Following the Civil War, the architects of Reconstruction understood that emancipation alone would not be enough to overcome the profound injustices of the founding era, so the 14th Amendment was born. People like Republican Thaddeus Stevens viewed the constitutional guarantees of due process and equal protection under the law not as mere aspirations but as enforceable rights that required federal protection.
As Stevens declared when introducing the amendment, “Whatever law punishes a white man for a crime shall punish the black man precisely in the same way. Whatever law protects the white man shall afford equal protection to the black man.” This principle of equality regardless of race, color, or previous condition of servitude, represented a dramatic shift in American constitutionalism and exemplifies the lasting importance of Reconstruction today.

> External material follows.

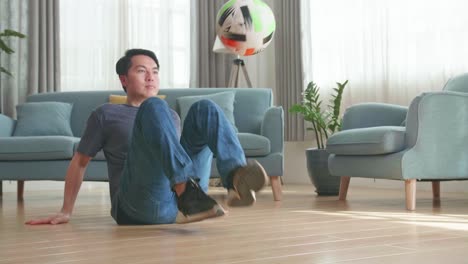 asian man sitting and show skill with soccer ball in living room, soccer freestyle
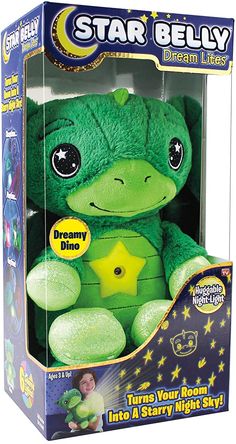 a green stuffed animal with stars on it's chest in a cardboard packaging box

Now → The 14th Amendment’s promises of equal protection and due process are still critical aspects of American democracy today, yet both of them are under attack from the Trump administration. The roots of these attacks stem from either applying a narrow reading of the Reconstruction Amendments or disregarding them entirely. In many ways, today's constitutional crisis mirrors the United States’ pre-Reconstruction constitutional status quo.
This is demonstrated, most notably, by the case of Kilmar Abrego Garcia, a wrongfully deported immigrant from El Salvador who was denied due process entirely.
After living in Maryland for almost 15 years with no criminal record, Garcia was suddenly arrested and deported to El Salvador in March due to what the Trump administration admitted was an “administrative error.” Despite having been granted protection from deportation by a judge in 2019, Abrego Garcia is now imprisoned in El Salvador’s mega-prison, CECOT, a facility notorious for human rights violations.
Abrego Garcia is a legal resident of the United States, and he is married to an American citizen, and all of their children are also American citizens.
Following his wrongful deportation, the Supreme Court ruled that the Trump administration should facilitate Abrego Garcia’s return but stopped short of ordering officials to bring him back. While the President’s foreign affairs powers are implied in the Constitution, they should not supersede the explicit constitutional guarantees of due process in the Fourteenth Amendment. These are rights that extend to everyone in the U.S., regardless of legal status.
The constitutional crisis being waged between the Trump administration and the courts is a battle between the United States’ Constitution before or since Reconstruction. Are due process and equal protection under the law afforded to all people within the United States or just select groups?
The case of Abrego Garcia reflects how easily we can slip back into pre-Reconstruction patterns when certain individuals are regarded as undeserving of the law's protection. Denying Abrego Garcia due process undermines the fundamental protections that the Reconstruction Amendments established. His deportation represents a dangerous precedent where the executive branch is allowed to override the Constitution and permanently deprive individuals of rights without accountability. It is a harbinger of a return to a modern iteration of America’s divided, unjust, and less free past.